13. The apparatus according to claim 12, wherein several feature categories relate to any combination of the following: face features, gait features, voice features, hand features, body features.

14. The apparatus according to claim 13, wherein the memory and the computer program code configured to, with the at least one processor, are further being configured to cause the apparatus to extract face feature vectors by locating a face from the person segment and estimating face's posture.

15. The apparatus according to claim 13, wherein the memory and the computer program code configured to, with the at least one processor, are further being configured to cause the apparatus to extract gait feature vectors from a gait description map, that is generated by combining normalized silhouettes, which silhouettes are segmented from each frame of the person segment containing a full body of the person.

16. The apparatus according to claim 13, wherein the memory and the computer program code configured to, with the at least one processor, are further being configured to cause the apparatus to

- determine voice feature vector by detecting person segment including person's close-up and detecting whether the person is speaking, and if so, the voice is extracted to determine the voice feature vector.

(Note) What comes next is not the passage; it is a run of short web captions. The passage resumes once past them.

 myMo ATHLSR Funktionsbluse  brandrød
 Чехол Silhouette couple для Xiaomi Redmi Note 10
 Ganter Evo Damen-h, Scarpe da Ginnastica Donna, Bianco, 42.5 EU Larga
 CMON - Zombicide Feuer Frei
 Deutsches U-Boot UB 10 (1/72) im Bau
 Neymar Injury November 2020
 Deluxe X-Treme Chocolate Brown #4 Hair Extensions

17. The apparatus according to any of the claim 12 to 16, wherein the person feature model is used to find a corresponding person feature model in the people identification model pool.

18. The apparatus according to claim 17, wherein if a corresponding person feature model is not found, the memory and the computer program code configured to, with the at least one processor, are further being configured to cause the apparatus to

- create a new person feature model to the people identification model pool.

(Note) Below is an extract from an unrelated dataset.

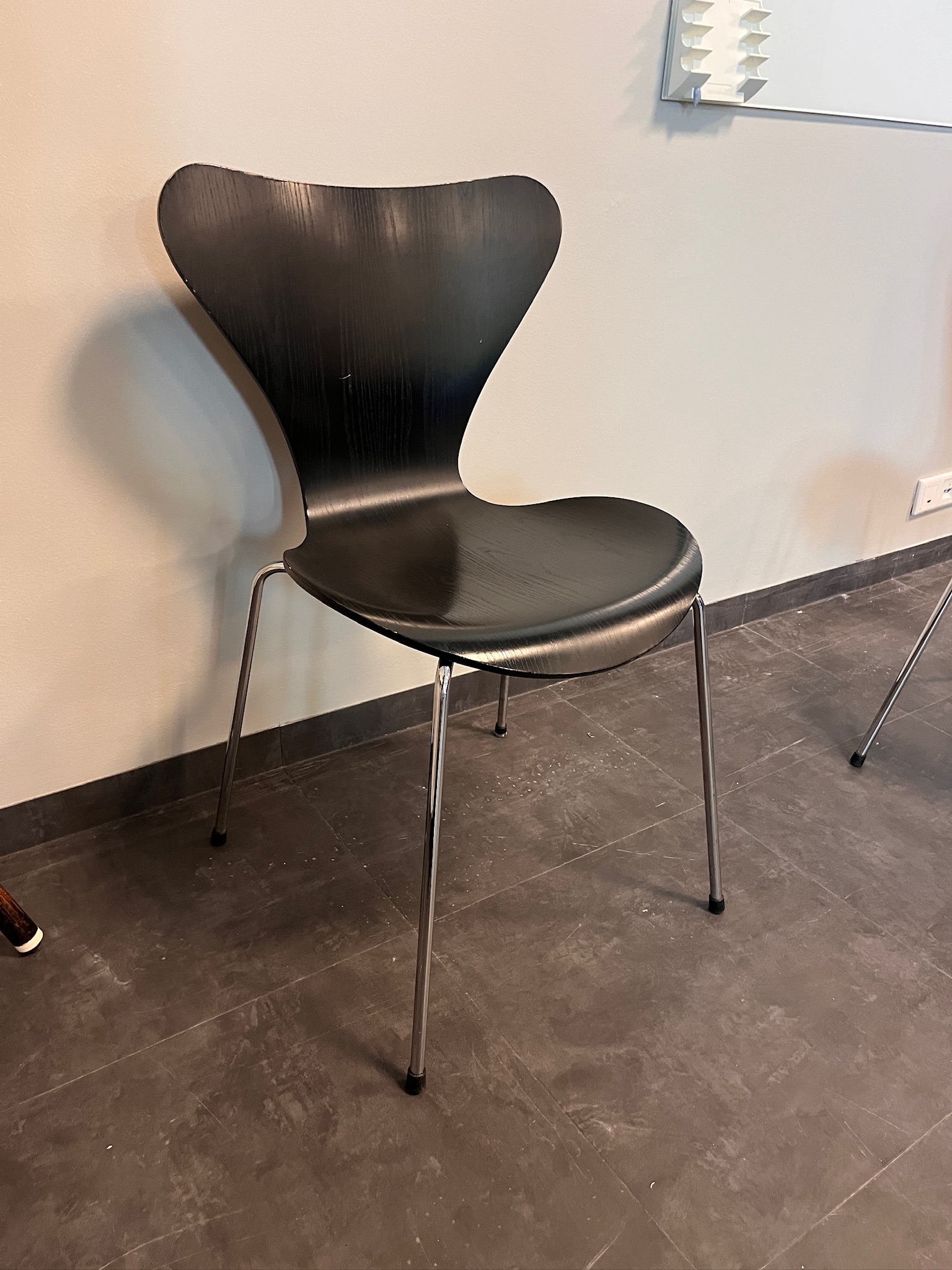SELT / SOLD Fritz Hansen stóll frá Epal 3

19. The apparatus according to claim 17, wherein if a corresponding person feature model is found, wherein the memory and the computer program code configured to, with the at least one processor, are further being configured to cause the apparatus to

- update the corresponding person feature model by the transmitted person feature model.

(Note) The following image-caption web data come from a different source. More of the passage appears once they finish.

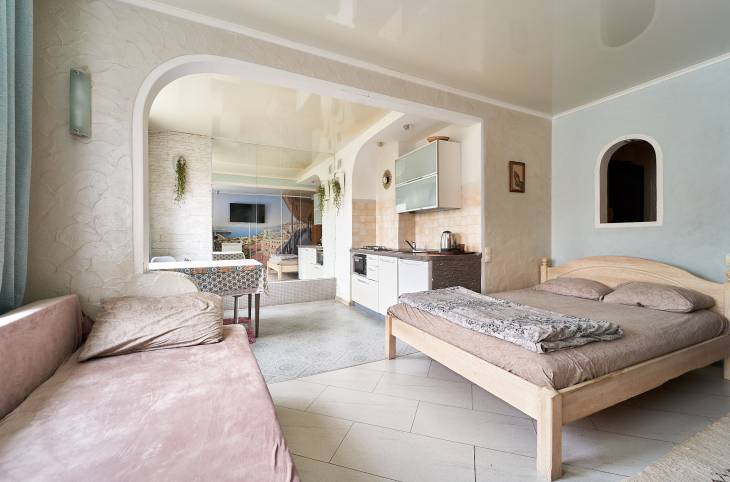 2-Комнатная квартира на сутки в  Минске,  Петра Глебки ул., 28    изображение 15 - kvartirka.by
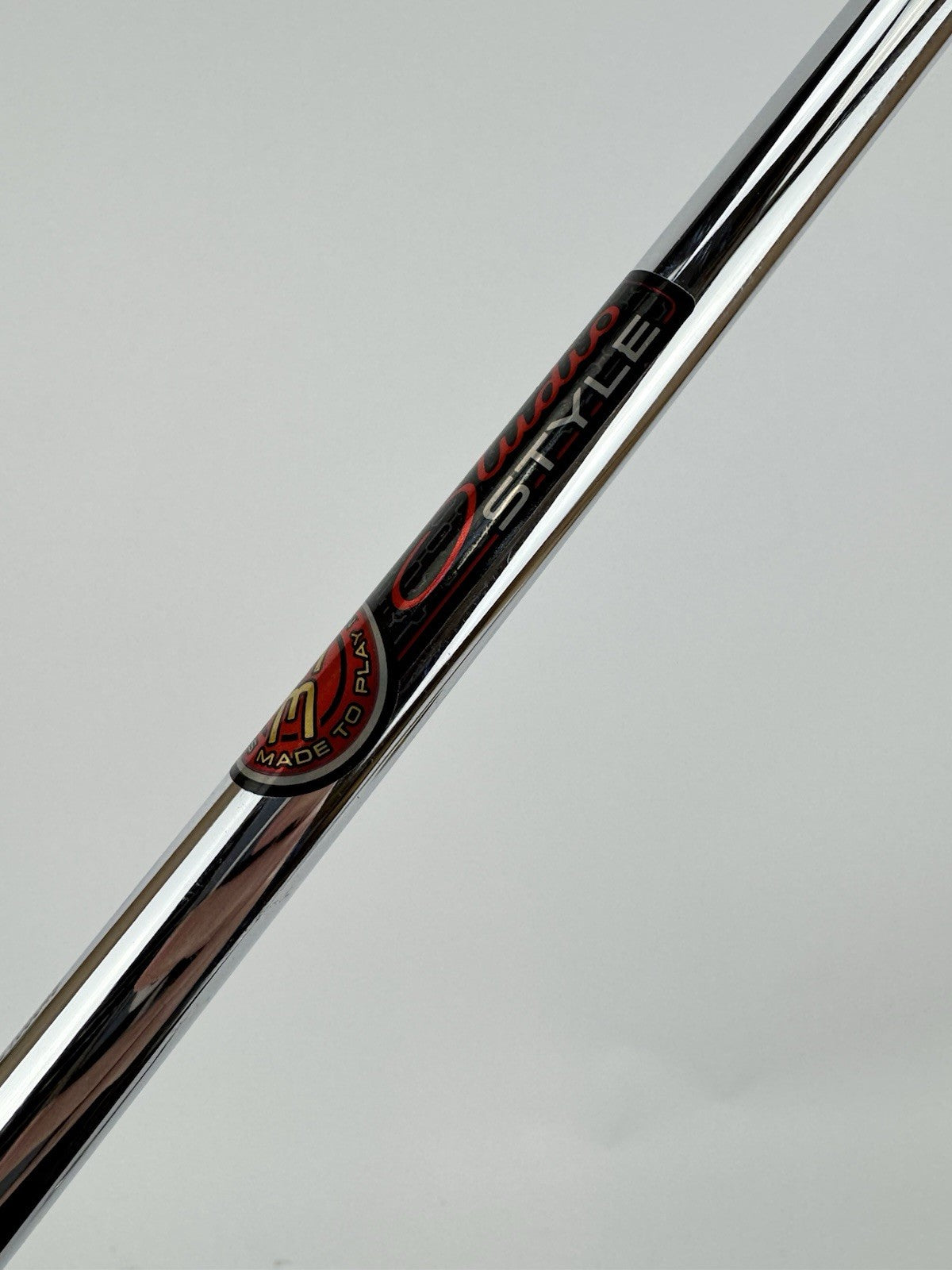 Scotty Cameron Putter Shaft Studio Style Fastback 1.5 Shaft 32.5”/Plays 35/322793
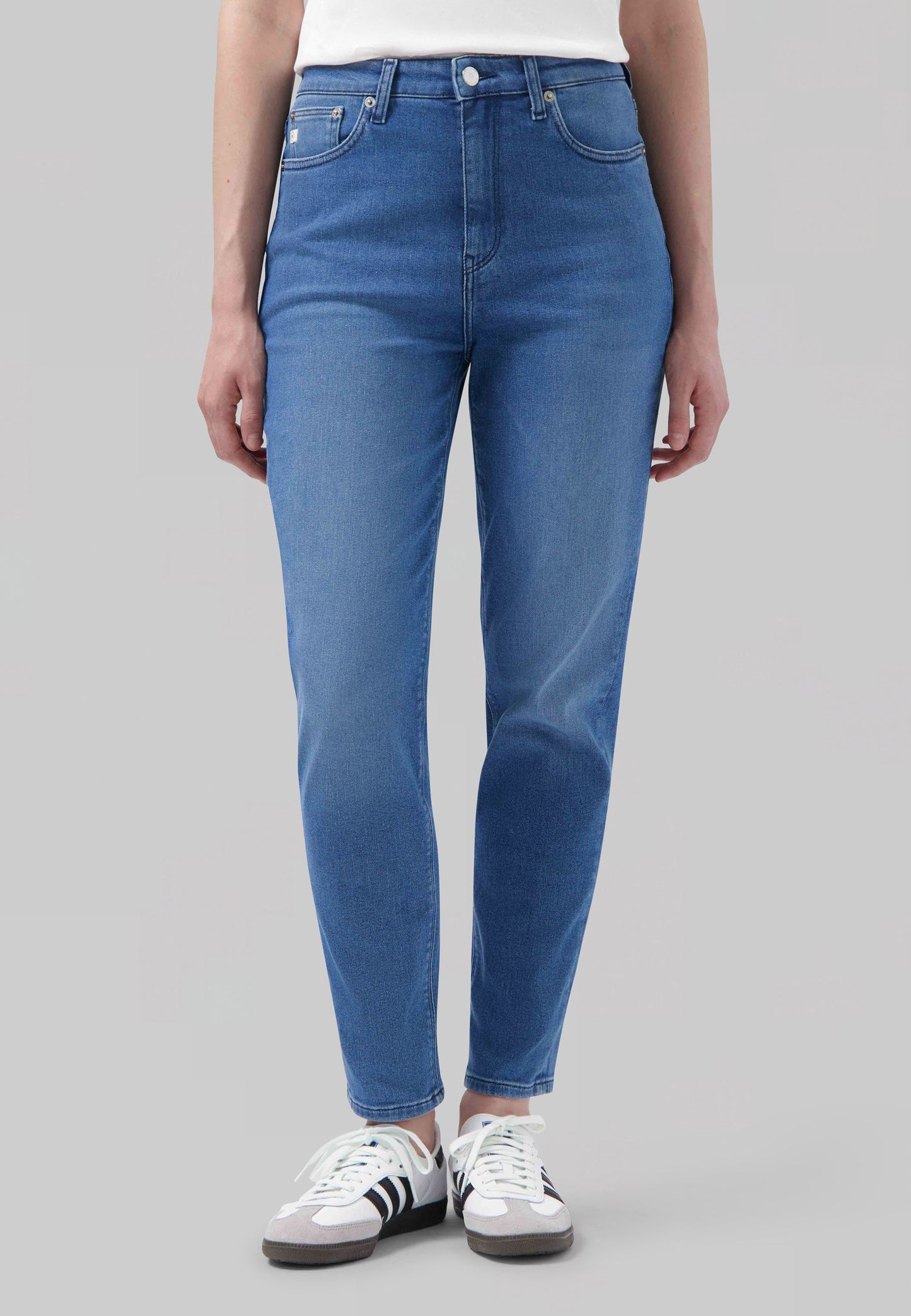 Mams Stretch Tapered - Authentic Indigo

20. The apparatus according to any of the claims 12 to 16, wherein the person feature model is used to find an associating person feature model.

21 . The apparatus according to claim 20, wherein the associating person feature model is found by determining either location information or time information or both of the person feature model and by finding an associating person feature model that matches with at least one of the information.

22. The apparatus according to claim 21 , wherein the memory and the computer program code configured to, with the at least one processor, are further being configured to cause the apparatus to merge the person feature model with the associating person feature model, if the models belong to the same person.

23. An apparatus comprising:

- means for detecting a person segment in video frames;

- means for extracting feature vector sets for several feature categories from the person segment;

- means for generating a person feature model of the extracted feature vectors sets; and

- means for transmitting the person feature model to a people identification model pool.

24. A system comprising at least one processor, memory including computer program code, the memory and the computer program code configured to, with the at least one processor, cause the system to perform at least the following:

- detecting a person segment in video frames;

- generating a person feature model of the extracted feature vectors sets; and

- transmitting the person feature model to a people identification model pool.

25. A computer program product embodied on a non-transitory computer readable medium, comprising computer program code configured to, when executed on at least one processor, cause an apparatus or a system to:

- detect a person segment in video frames; - extract feature vector sets for several feature categories from the person segment;

- generate a person feature model of the extracted feature vectors sets; and - transmit the person feature model to a people identification model pool.